* **What the exercise asks**
Nothing is to be left out; print all the entries exactly.

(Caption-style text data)
++++++

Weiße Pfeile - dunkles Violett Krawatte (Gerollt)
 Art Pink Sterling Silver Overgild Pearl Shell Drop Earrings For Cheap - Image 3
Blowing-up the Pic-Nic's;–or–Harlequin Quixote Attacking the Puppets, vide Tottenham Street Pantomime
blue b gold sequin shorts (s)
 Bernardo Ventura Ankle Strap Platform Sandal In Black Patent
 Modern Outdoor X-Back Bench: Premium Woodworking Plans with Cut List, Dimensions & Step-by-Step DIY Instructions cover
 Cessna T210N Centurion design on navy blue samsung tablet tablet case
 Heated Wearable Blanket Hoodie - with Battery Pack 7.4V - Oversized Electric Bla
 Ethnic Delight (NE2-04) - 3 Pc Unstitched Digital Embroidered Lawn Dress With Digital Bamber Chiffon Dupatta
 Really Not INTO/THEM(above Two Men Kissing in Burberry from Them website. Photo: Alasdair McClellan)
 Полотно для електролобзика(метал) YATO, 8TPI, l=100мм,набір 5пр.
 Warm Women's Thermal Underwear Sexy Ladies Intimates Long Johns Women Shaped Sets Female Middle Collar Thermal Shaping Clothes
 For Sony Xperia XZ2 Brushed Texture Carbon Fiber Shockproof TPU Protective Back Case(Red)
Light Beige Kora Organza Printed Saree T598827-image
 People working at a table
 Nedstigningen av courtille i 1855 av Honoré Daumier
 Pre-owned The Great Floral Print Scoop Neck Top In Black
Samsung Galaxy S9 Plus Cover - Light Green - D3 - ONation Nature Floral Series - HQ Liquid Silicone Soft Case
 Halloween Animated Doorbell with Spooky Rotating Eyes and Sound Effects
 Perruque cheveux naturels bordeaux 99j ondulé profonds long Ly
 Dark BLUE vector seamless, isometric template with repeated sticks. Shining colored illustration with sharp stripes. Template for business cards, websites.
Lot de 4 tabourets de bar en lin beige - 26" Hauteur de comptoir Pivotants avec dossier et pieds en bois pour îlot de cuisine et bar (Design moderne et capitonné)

++++++

* **Response box**
Weiße Pfeile - dunkles Violett Krawatte (Gerollt)
 Art Pink Sterling Silver Overgild Pearl Shell Drop Earrings For Cheap - Image 3
Blowing-up the Pic-Nic's;–or–Harlequin Quixote Attacking the Puppets, vide Tottenham Street Pantomime
blue b gold sequin shorts (s)
 Bernardo Ventura Ankle Strap Platform Sandal In Black Patent
 Modern Outdoor X-Back Bench: Premium Woodworking Plans with Cut List, Dimensions & Step-by-Step DIY Instructions cover
 Cessna T210N Centurion design on navy blue samsung tablet tablet case
 Heated Wearable Blanket Hoodie - with Battery Pack 7.4V - Oversized Electric Bla
 Ethnic Delight (NE2-04) - 3 Pc Unstitched Digital Embroidered Lawn Dress With Digital Bamber Chiffon Dupatta
 Really Not INTO/THEM(above Two Men Kissing in Burberry from Them website. Photo: Alasdair McClellan)
 Полотно для електролобзика(метал) YATO, 8TPI, l=100мм,набір 5пр.
 Warm Women's Thermal Underwear Sexy Ladies Intimates Long Johns Women Shaped Sets Female Middle Collar Thermal Shaping Clothes
 For Sony Xperia XZ2 Brushed Texture Carbon Fiber Shockproof TPU Protective Back Case(Red)
Light Beige Kora Organza Printed Saree T598827-image
 People working at a table
 Nedstigningen av courtille i 1855 av Honoré Daumier
 Pre-owned The Great Floral Print Scoop Neck Top In Black
Samsung Galaxy S9 Plus Cover - Light Green - D3 - ONation Nature Floral Series - HQ Liquid Silicone Soft Case
 Halloween Animated Doorbell with Spooky Rotating Eyes and Sound Effects
 Perruque cheveux naturels bordeaux 99j ondulé profonds long Ly
 Dark BLUE vector seamless, isometric template with repeated sticks. Shining colored illustration with sharp stripes. Template for business cards, websites.
Lot de 4 tabourets de bar en lin beige - 26" Hauteur de comptoir Pivotants avec dossier et pieds en bois pour îlot de cuisine et bar (Design moderne et capitonné)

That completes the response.